To quote Wikipedia (here): “Stable Diffusion is a deep learning, text-to-image model released in 2022. It is primarily used to generate detailed images conditioned on text descriptions, though it can also be applied to other tasks such as inpainting, outpainting, and generating image-to-image translations guided by a text prompt.”. This of course sounds nice, but what makes it special and how can you use it?
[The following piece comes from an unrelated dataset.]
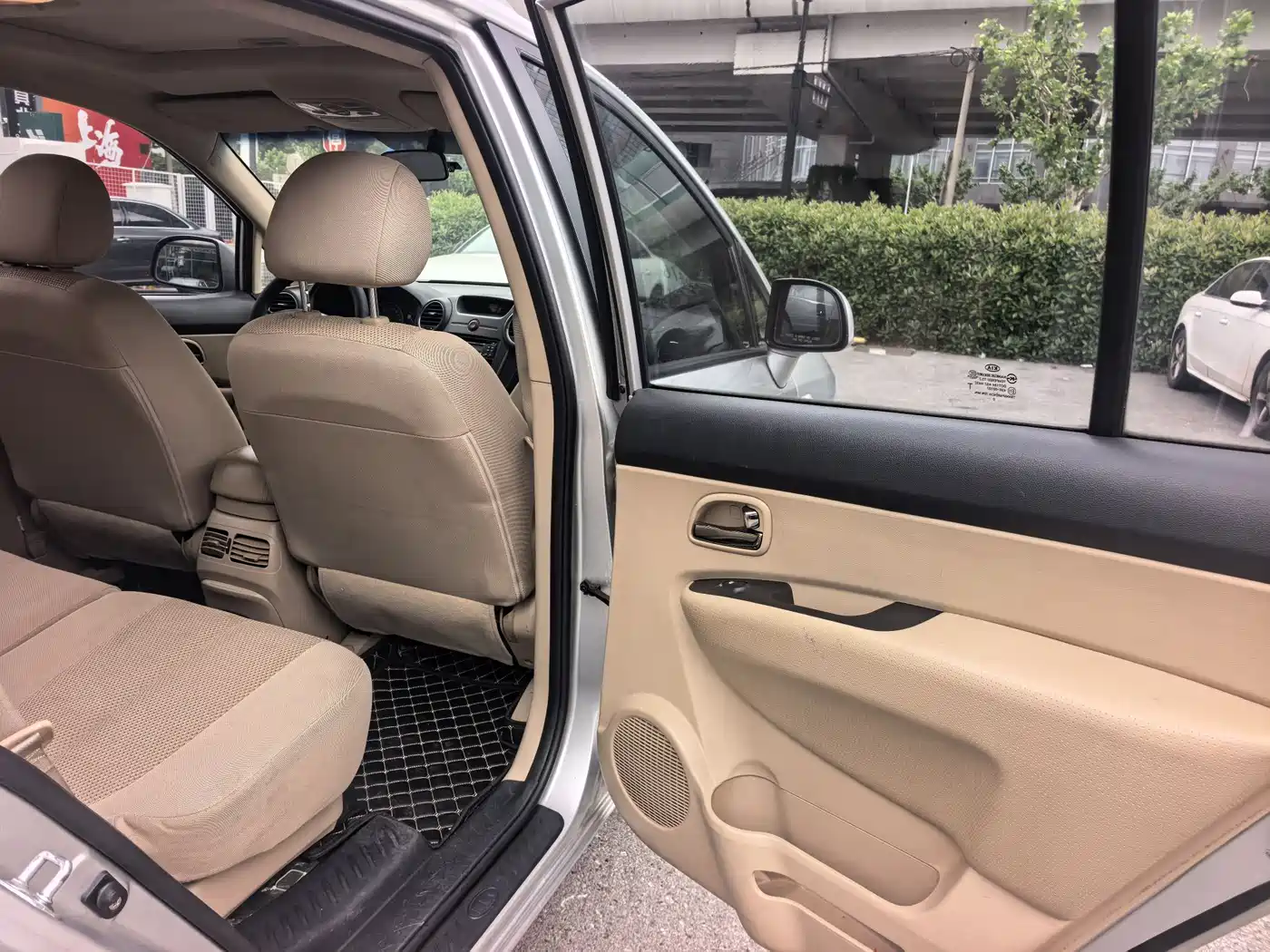 Kia Carens 2011 2.0L 7-Seater Automatic Luxury фото 9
Stable Diffusion: Image Generation using AI image 35

What makes Stable Diffusion special?

The dataset

The Stable Diffusion model was trained on three subsets of LAION-5B: laion2B-en, laion-high-resolution, and laion-aesthetics v2 5+. These datasets have been scraped from the web and are available for download (here). This sets Stable Diffusion apart from for example DALL-E and Midjourney where the datasets are not publicly available.

The model

The model is publicly available here and here. Again in contrast to most of the competition. This means you can do things like add additional material for training (such as with Dreambooth) to for example change the context of an object. You can also alter the code yourself and for example disable the NSFW check or disable adding of a hidden watermark by the Stable Diffusion software.

Running locally

Also there is a large community around Stable Diffusion which create tools around the model such as Stable Diffusion WebUI or the previously mentioned Dreambooth. Since the model is publicly available, you can also run it yourself on your laptop for free and you don’t need to depend on the services of a third party to offer this as a SaaS solution.

Features

Text to image generation

You can use a prompt to indicate what you want to have created. You can give weights to specific words in the prompt. The weight can also be negative for things you don’t want to see in your output. The prompt usually contains things like the object or creature you want to see and the style. For example the below image I generated for my daughter of 5 years old;

Stable Diffusion: Image Generation using AI cute — Cute fluffy animals generated using Stable Diffusion

The prompt used for the above image was;

“a beautiful cute fluffy baby animal with a fantasy background, style of kieran yanner, barret frymire, 8k resolution, dark fantasy concept art, by Greg Rutkowski, dynamic lighting, hyperdetailed, intricately detailed, trending on Artstation, deep color, volumetric lighting, Alphonse Mucha, Jordan Grimmer”

Image to text / CLIP interrogation

You can ask the model what it sees in a picture so you can use this text to generate similar images. This is called CLIP interrogation and can be done for example here.

Stable Diffusion: Image Generation using AI image 36 — CLIP interrogation. What is in the picture?

Inpainting

You can replace a part of an image with something else. For example in the below image I’ve replaced the dog on the bench with a cat (I prefer cats).

Stable Diffusion: Image Generation using AI image 37 — Replacing the dog with a cat using inpainting

Outpainting

You can ask the model to generate additional areas around an existing image. For example below is a picture of me. I asked Stable Diffusion to generate a body below my head.

Stable Diffusion: Image Generation using AI image 38 — Generating a body to fit the head

There is even a complete web interface Stable Diffusion Infinity to help you do this on a canvas;

Stable Diffusion: Image Generation using AI image 39 — Stable Diffusion Infinity. Outpainting on a canvas

Upscaling

You can upscale images to add detail. This allows you to create infinite zoom effects.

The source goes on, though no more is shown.